ジークは補佐官に署名した書類を渡し、書類について指示をすると、執務机から立ち上がって移動し、子爵の向かい側の椅子に座る。
「で、宰相殿が、わざわざ俺を呼びつけて何の用だ?」
補佐官が部屋を出ていくのを待って、尋ねる。
短く刈り込んだ濃い茶色の髪、眼光鋭い赤褐色の瞳、険しい顔つきに大柄な体格の子爵がいるだけで、部屋が狭く感じる。

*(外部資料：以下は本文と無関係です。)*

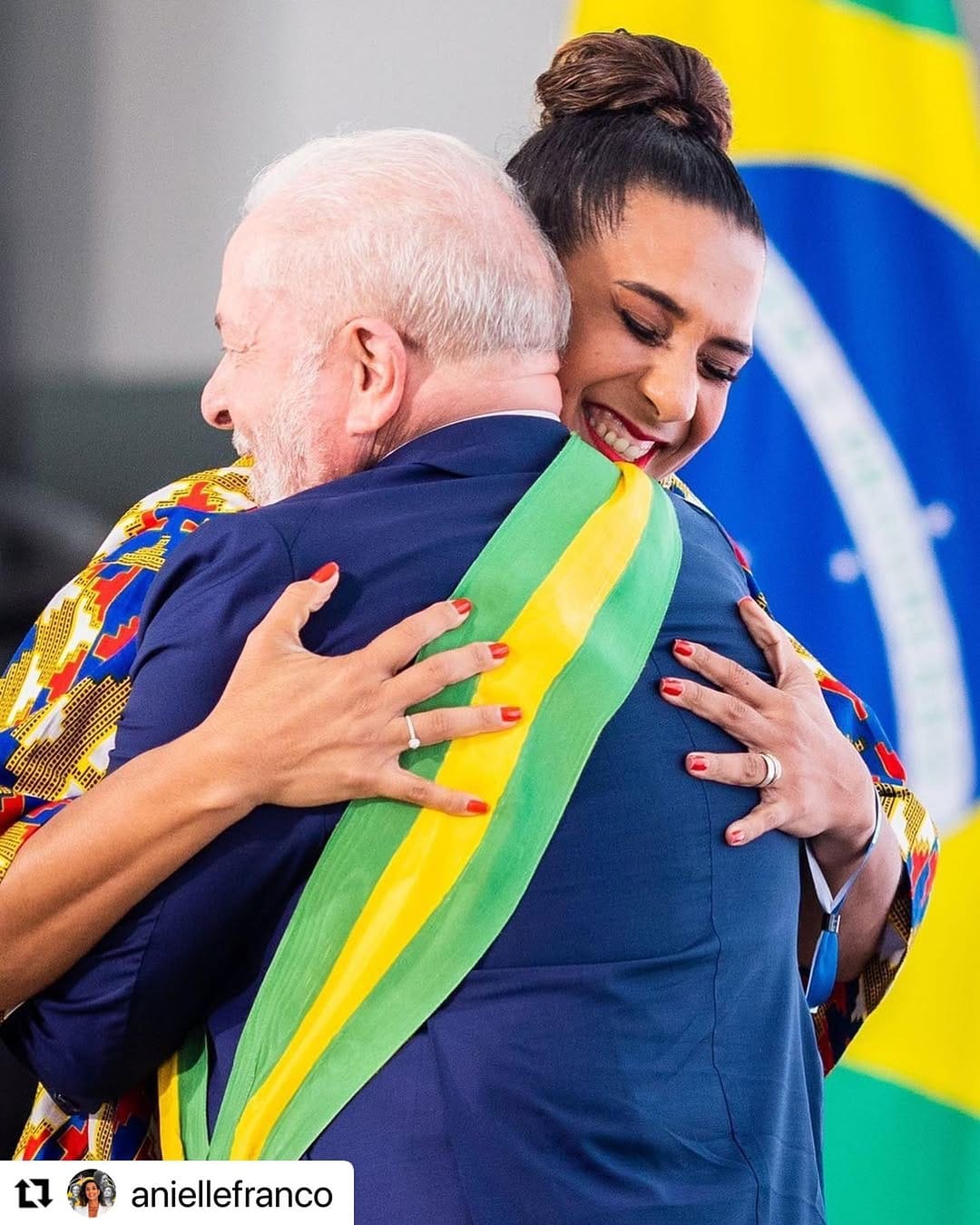 Post 10 by Camila Lee Crocodilo on Instagram (image)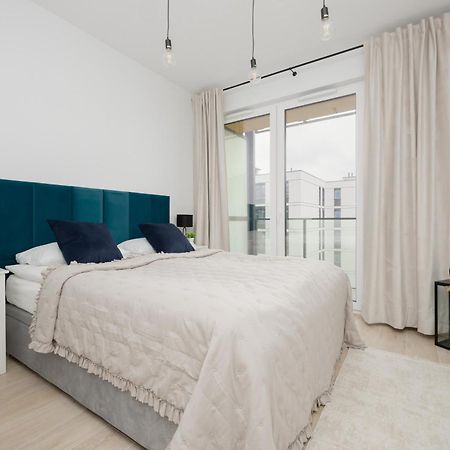 Stylish Apartments With Parking By Noclegi Renters Varšava Exteriér fotografie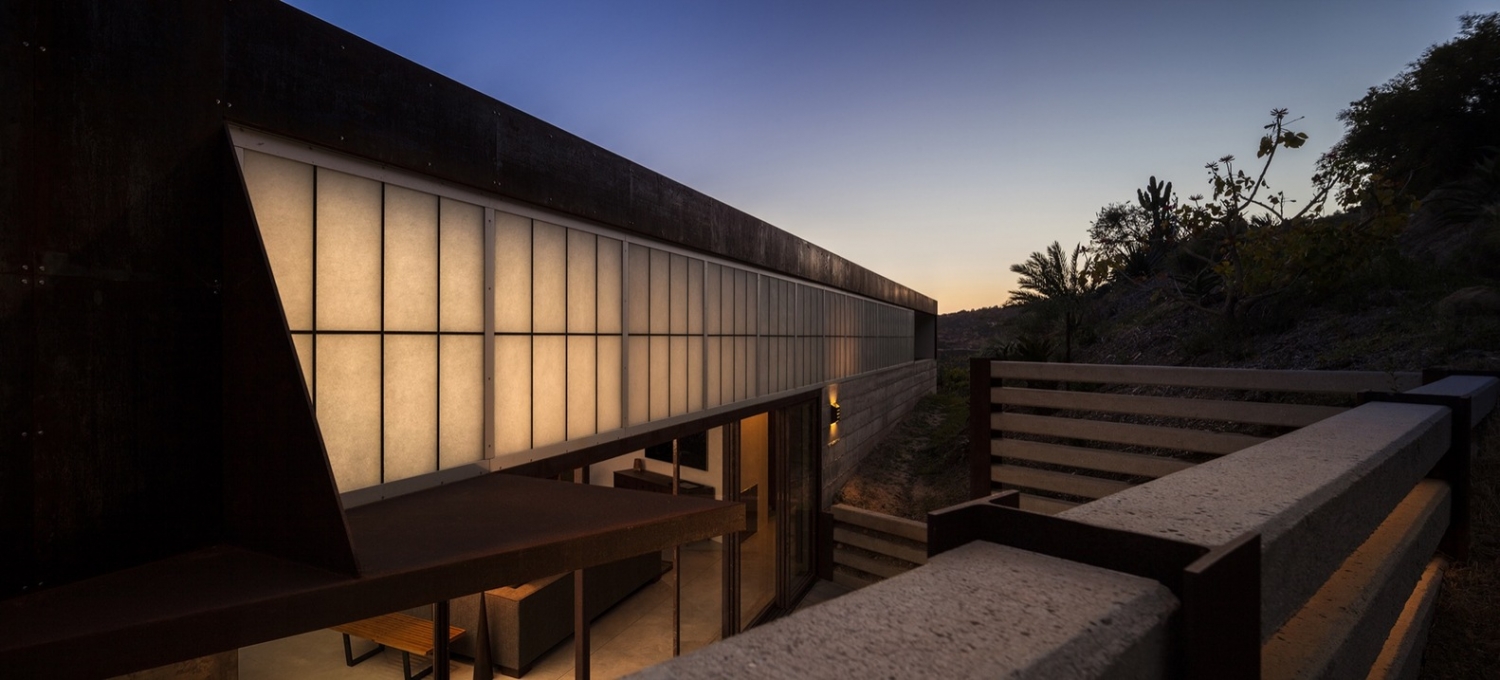 美国圣巴巴拉穿墙住宅-19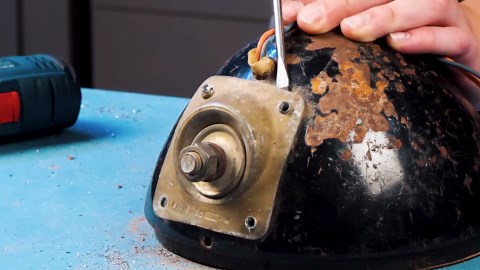 Lamp Restoration 101: Bring Your Old Lamp Back to Life!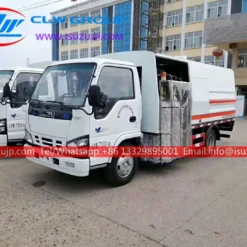 ISUZU NKR 4000liters guardrail cleaning truck for sale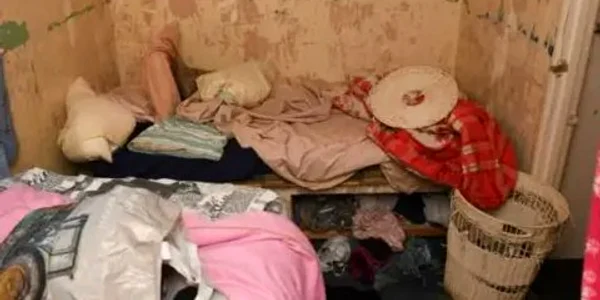 femeie tinuta sclava foto x jfif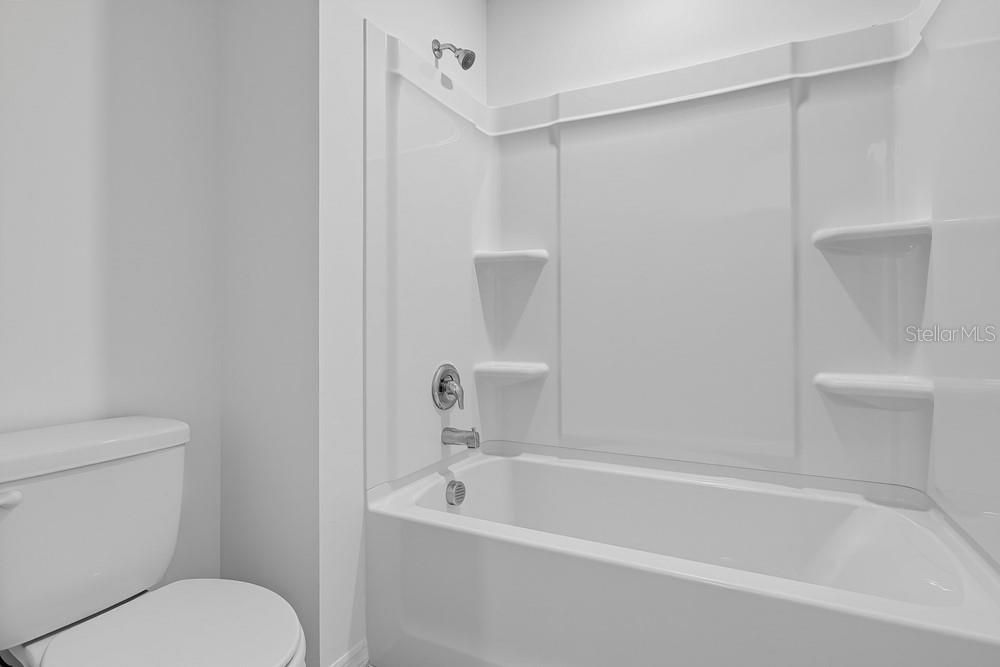 For Sale: $364,900 (4 beds, 2 baths, 2271 Square Feet)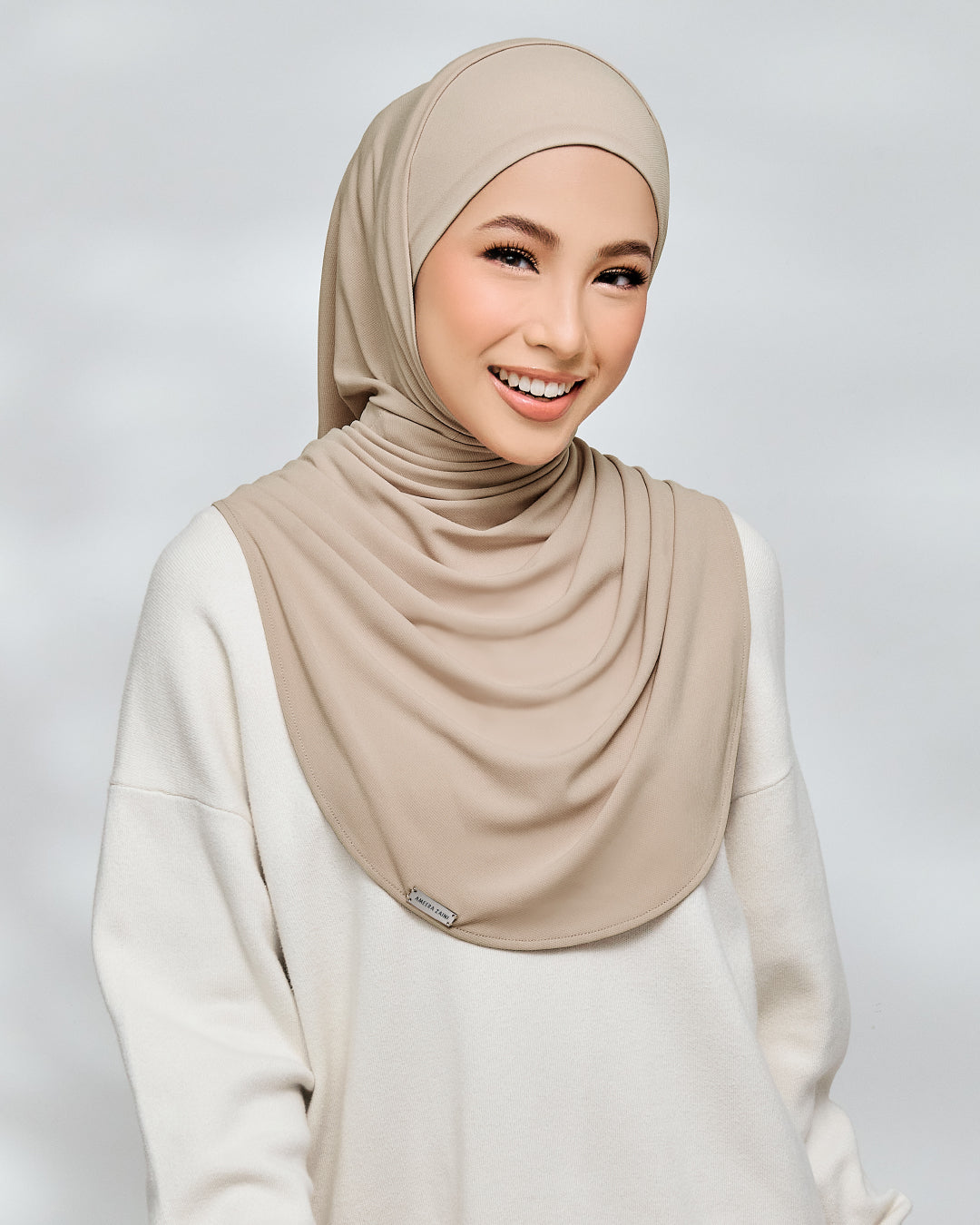 AZ KELLY TWIST INSTANT TAN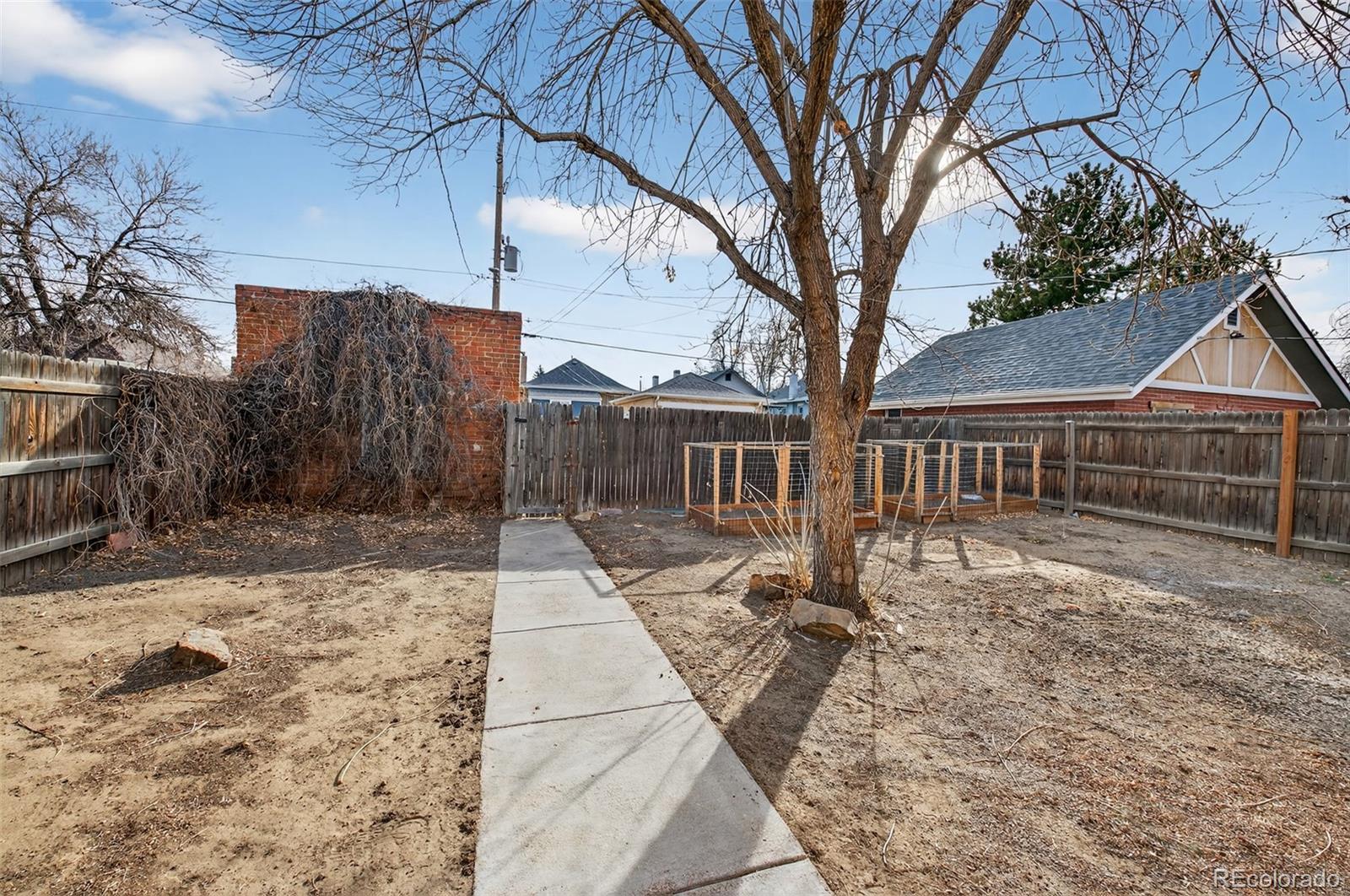 3042 W 38th Avenue Denver CO 80211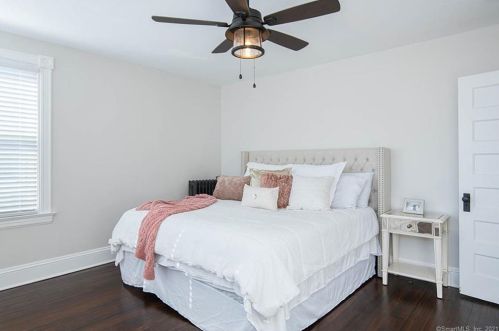 42 Merriman St, Bristol CT  06010-5042 exterior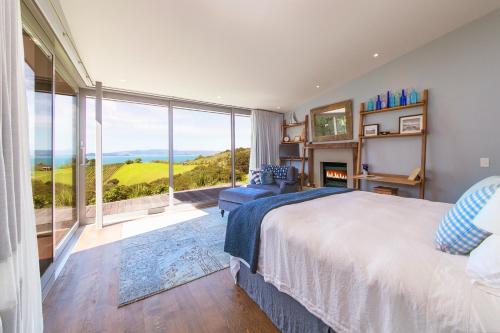 Waiheke Luxury Blue and Green Rooms Auckland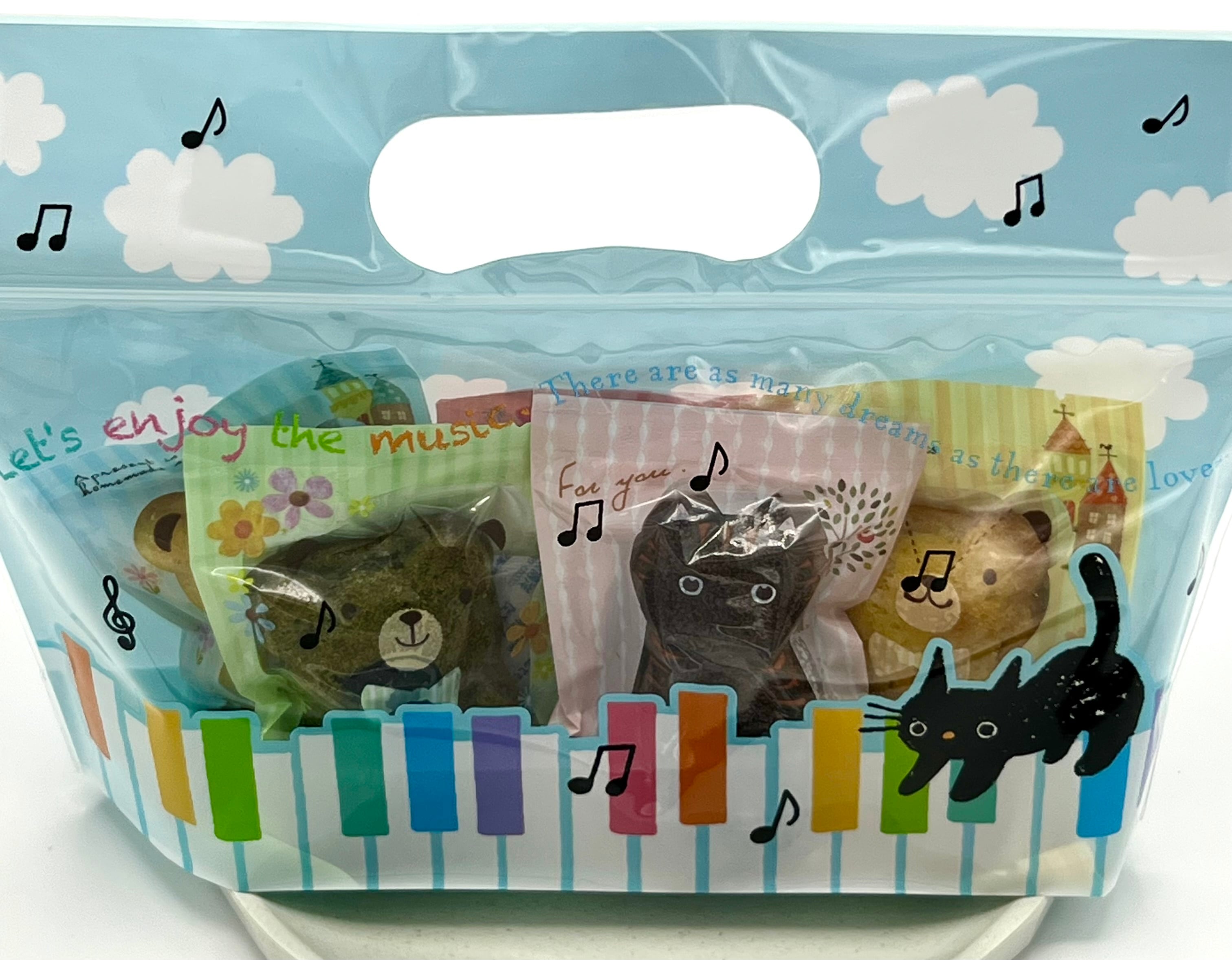 動物パウンドケーキ5個セット（プレーン3個 黒豆抹茶1個 チョコ1個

対する宰相のジークは物腰も柔らかく、明るいアッシュブロンドの髪色をし、眼鏡の奥で理知的に光る空色の瞳をしていて、一見、軟弱そうに見えるが、実は研ぎ澄ました刃物のように鋭い切れ味を持っていることを子爵は知っている。
「キルヒライル殿下のことです」
ずり落ちた眼鏡を上げ、宰相は切り出した。
「実は王都にある公爵邸へ移り住むとおっしゃっています」
「……それは、また」
子爵は眉間に皺を寄せ、険しい顔を更に険しくする。
「そうです。王宮ならまだしも、公爵邸ともなれば、警備も些か手薄になります。今はまだトカゲのしっぽのような存在の者たちの存在しか判明していません。殿下は自ら囮になるつもりなのです」
王弟殿下が身を潜めて探るうち、マイン国とロイシュタールとの戦争の火種を作ろうと、直接的に関わった人物はある程度判明していたが、真の首謀者はまだわかっていない。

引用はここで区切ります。